Extract System Logs from your Cloud Integration in...

jeremy_ma_usa · ‎09-20-2022

Why/What - To accelerate the learning cycle through Build, Observation and Learn - you need robust and reliable observation capabilities.

Below technique describe how to extract your System logs from your Cloud Integration (CI) Tenants into Splunk and how you can turn mass data as first step of observations

Retention; CI system log data retention time in the database is 7 days (Neo); 30 days (CF) w. storage limit*; If you need to look back history/triage issue pass xx days. 2582913 - [SAP Cloud Integration] How long are logs persisted.

HTTP – all inbound request regardless the iFlow/endpoints availability; Imagine you want to see why sender issue 404; 401

Trace – ALL events including polling adapter (timer/sFTP/Kafka) actives which will NOT be captured by MPL – ie. missing credentials; If iFlow were to failed to deploy due to missing dependencies are also captured; If a msg failed you will get the error along Elapsed (ms) of the steps (below).

Power of search tools (Splunk/Solarwind) which will showcase at end to help find anomalies that can be shared btw teams - Learning and self discovery

The building blocks are accessing the LogFiles API and push to Splunk, which will go into detail in below section.

Important to note is SystemLogs are just one extra dataset, and from practices we have learned MPL is structured contain richer set of dimensions of how iFlow actually performs and if thought thoroughly w. incorporation of sender/receiver context you can delivery end to end telemetry.

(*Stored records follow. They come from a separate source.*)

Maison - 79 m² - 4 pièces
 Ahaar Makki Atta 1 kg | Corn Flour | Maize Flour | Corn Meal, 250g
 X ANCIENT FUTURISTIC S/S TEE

Just two words on above, Santos Kumarv have nice blog on how to built iFlow to extract MPL and send to Splunk and I have written one for Solarwind. SAP have roadmap to have native connector to Splunk/others in upcoming quarter to push MPL. Please look forward for that as its much robust/higher throughput.

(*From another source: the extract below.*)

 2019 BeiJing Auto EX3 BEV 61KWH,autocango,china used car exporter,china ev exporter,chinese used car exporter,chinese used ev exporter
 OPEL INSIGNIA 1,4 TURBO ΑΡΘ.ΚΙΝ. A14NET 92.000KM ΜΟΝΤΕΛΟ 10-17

According to my sources extracting system logs to Splunk is not in current roadmap, hence I want to share this here.

Let's quickly review how you can access system logs (CF) today through WebUI below:

Under the LogFile attributes:

LogFiles API Response

A. LogFileType - HTTP vs. TRACE

B. Size - Number of entries w. max 150K, before roll to next file

C. Application - Tenant short name;

LastModified - field we will later used to track what file we are downloading and upload.

Name - File http/trace timestamp of first event entry

To access above oData API, you will need services instance created and necessary permission like what is described in MPL documentation. This will required BTP cockpit access by an administrator.

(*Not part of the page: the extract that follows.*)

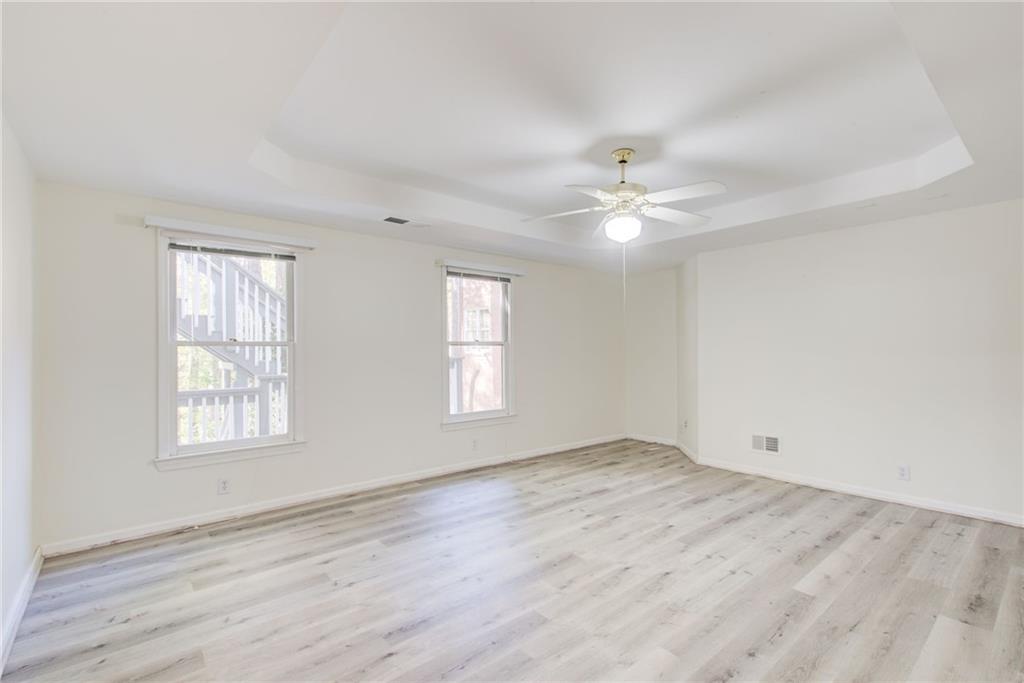 Nesbit Lakes - Residential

Now you have some basic understanding of where the logs and what the payloads looks like, we will go into how to built this iFlows to extra > forward logs into Splunk.

How - Deploy iFlow as describe below and working with your Splunk in-house experts to incorporate the HTTP/Trace unique formatting as logs are in compress zip and ideally Splunk can index these files for faster search and accelerate interpretation.

The design of the extraction is decouple one iFlow first tracking the list of LogFiles and second iFlow to actually download the LogFile (zip) and push to target (Splunk). Two reasons behind splitting the iFlow is because as of current writing Sept 7, 22, the API to access LogFiles download can take upward of 80+ seconds in (CF) and this may cause timeout.

SAP is aware and performance improvements coming releases to drastically reduced the access time but incase your tenant generate large number of logs the second reason to decouple is to allow concurrent and robust download and pushing of these files to Splunk. As the file contains up-to 150K lines and ~3-5MB zipped and 40mb+ uncompressed.

To facilitate decoupling I have chosen to use JMS Async so you can monitor on top of the system files. If you have other alternatives please share your experience.

LogFileTracker

Timer: Set for recurring; ideally run once per day just after 00:00 GMT so all files from previous day is extracted; Too frequent will be taxing as files and chance of duplicates of logs;
Config A: ServerURL of the tenant and Timestamps to track previous runs; 10 mins - optional not to pick active logs
Config B: Credentials of the oData API as described in earlier (MPL)
C Section of filter is used to remove the most current logFile so partial log is ignored	Filter LogFileType: /LogFiles/LogFile[ LogFileType = 'TRACE' ] Filter out current file: /LogFiles/LogFile[ ( (preceding-sibling::LogFile \| following-sibling::LogFile)/LastModified > LastModified ) ]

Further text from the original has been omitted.